» What you are asked to do
Output every line of the material exactly, omitting images.

» Data
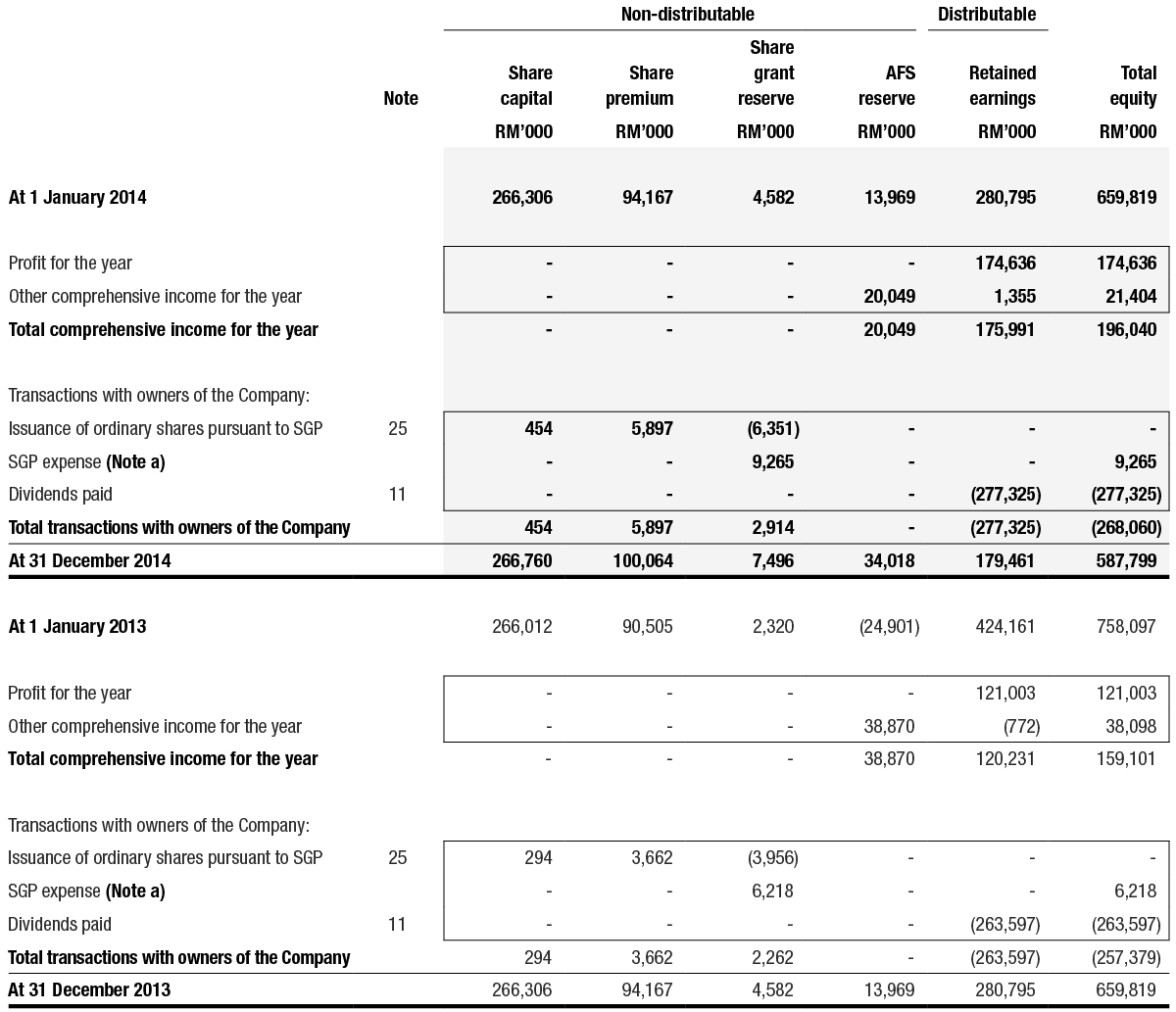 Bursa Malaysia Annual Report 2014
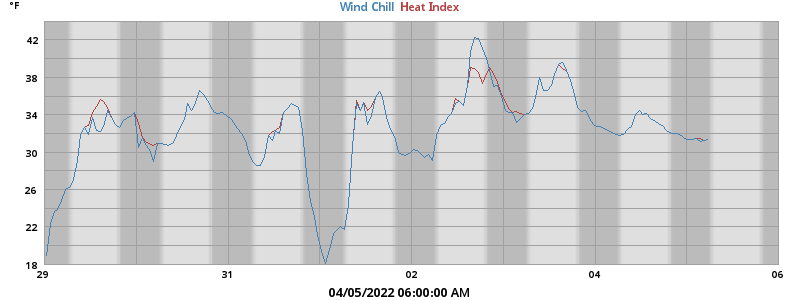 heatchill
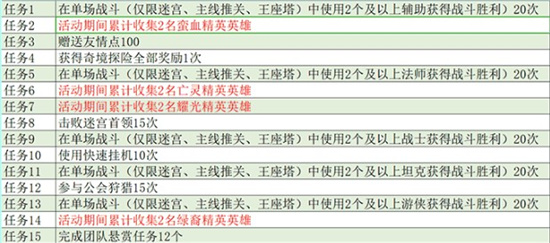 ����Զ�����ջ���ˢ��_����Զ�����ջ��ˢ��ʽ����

» Written answer
 Bursa Malaysia Annual Report 2014
 heatchill
 ����Զ�����ջ���ˢ��_����Զ�����ջ��ˢ��ʽ����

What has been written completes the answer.